Being a hopeless romantic can be tough. Over the years, however, you learn a lot -- both about yourself and what it is you’re looking for in a partner.
Here are a few things hopeless romantics go through as they make their way to finding true love:
1. You date a lot of the wrong people.
As hopeless romantics, finding love is always on the top of our list of priorities. So… we do what we believe makes the most sense. We date. And we date often. And we almost always date the wrong people.
Thankfully, in time, you learn what works, what doesn’t work and you begin to better understand the type of individual you should invite to be a part of your life.
2. You go through long periods of loneliness.
After many a failed attempt at finding true love, you likely decide to take a break from it all and spend some time focusing on yourself. Once you feel that you’ve had enough “me time,” you always hop back on the wagon -- you can’t give up on finding the love of your life.
3. You give up on love and decide YOLO is your life motto.
Then, every so often -- almost always after a bad breakup -- you decide to call it quits altogether. No more looking for love. No more dating.
All you want to do is enjoy your life and make less-than-ideal decisions. The ride becomes bumpy for a while, but being the hopeless romantic that you are, you inevitably set your priorities straight.
4. You realize love will never be a Disney fairytale.
Every woman is a princess and every man is a hero -- our world is far different from that of any Disney movie. Every hopeless romantic’s hopelessness stems from some love story or other.
We cherish the concept as much as we do because we believe love to be an attainable perfection. Unfortunately, nothing in the universe is perfect. Not even love.
5. You become unwilling to make compromises.
Hopeless romantics almost always start off by expecting nothing short of perfect. They expect perfect moments, perfect memories and a perfect partner. Thankfully, being in love often allows for a certain level of flaw-blindness.
As time passes, however, and we regain our sight, reality kicks in. When we realize that our partner isn’t as perfect as we believed him or her to be, we often get cold feet.
6. You start making too many compromises.
When we fail to find love repeatedly, some of us decide we’re willing to make some compromises just so that we can settle. This is incredibly unfortunate, as settling never works out for the best. Eventually, we remember our worth and decide to follow a different path.

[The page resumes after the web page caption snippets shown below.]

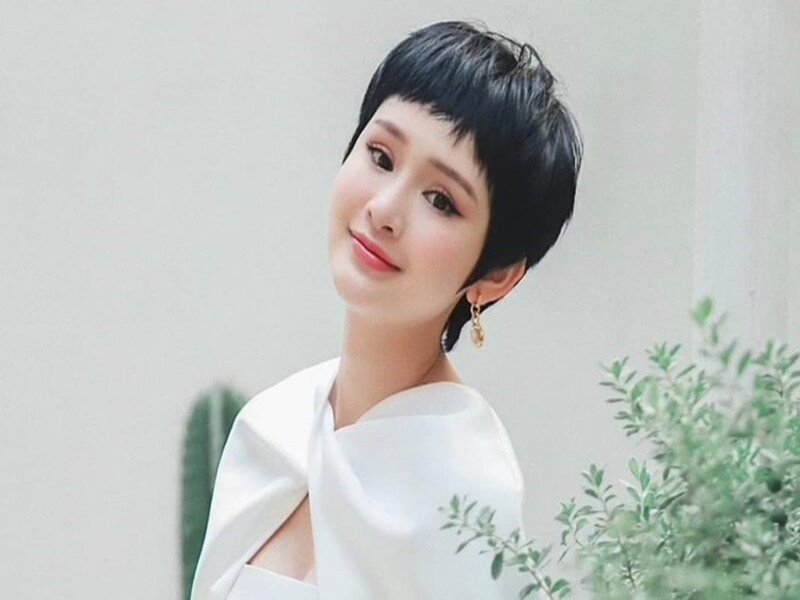 Hiền Hồ bị nhắc lại ồn ào yêu Soobin Hoàng Sơn, tin đồn bị Tóc Tiên “cạch mặt”, nghi vấn phẫu thuật thẩm mỹ quá đà. Ảnh: Lao động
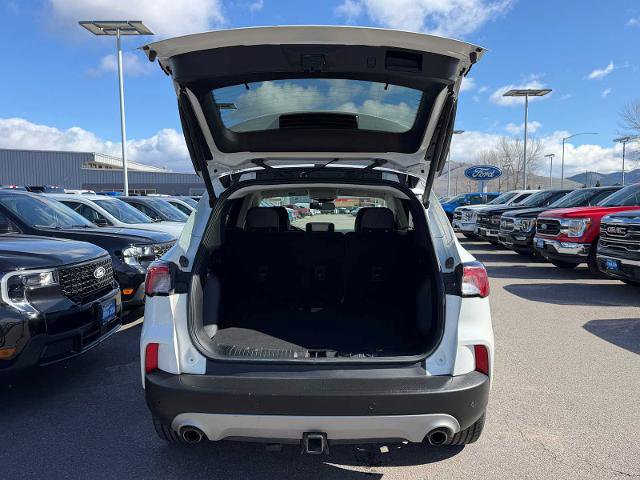 Certified 2021 Ford Escape Titanium w/ Class II Trailer Tow Package image 9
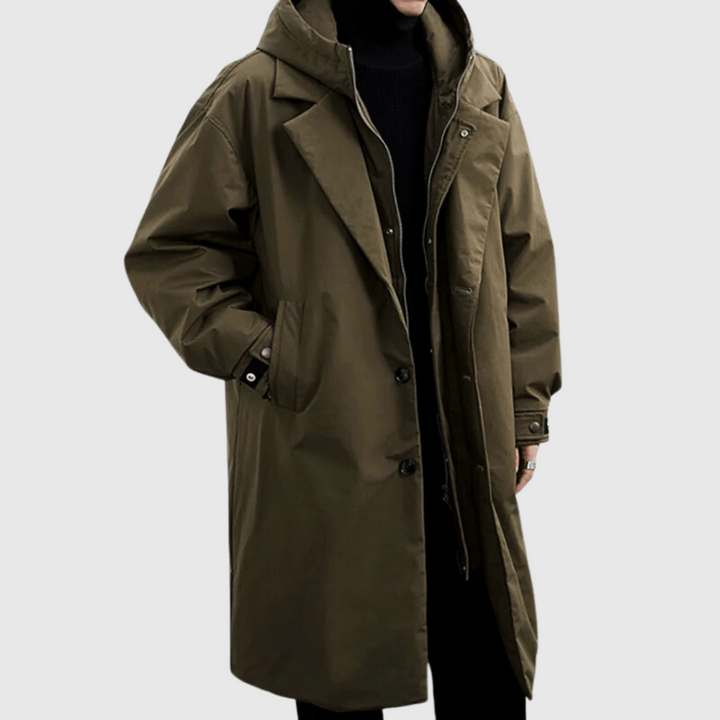 Men's breathable waterproof rain jacket, ideal for hiking and outdoor adventures.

7. You decide you need to spend more time searching.
After years of trial and error, we consider that spending more time searching for the right person may give us better results. We spend some time drawing up the ideal person and considering where we are most likely to meet him or her. Most likely, we end up signing up for several dating apps.
8. You question whether or not you are the problem.
Maybe it isn’t him or her… maybe it really is you. Of course, that's always a possibility. Sometimes we need to grow as individuals in order to be capable of loving another person the way he or she deserves to be loved.
Sometimes we aren’t yet good enough for the love of our lives. No one is perfect, and there will always be things to improve on. Even if you’re not the problem, you hopefully decide to direct more focus on yourself and your personal growth.
9. You decide searching isn’t doing you much good.
They say you don’t find love, but love finds you. I’d like to think that you can increase your chances of finding the love of your life, but the truth is that it all comes down to chance.
Whether you find him or her while looking or if he or she just happens to stumble into your life really depends on chance. You never know where life is going to take you -- especially when it comes to love.
10. You get lucky.
This is the day that all hopeless romantics wait for: the day they meet the one. How you managed to cross each other’s paths... you have no idea, but you knew what you found almost the minute you found it.
This is the beginning of the happy ending you’ve been waiting for. Now the only question is whether the two of you are strong enough and wise enough to make it work.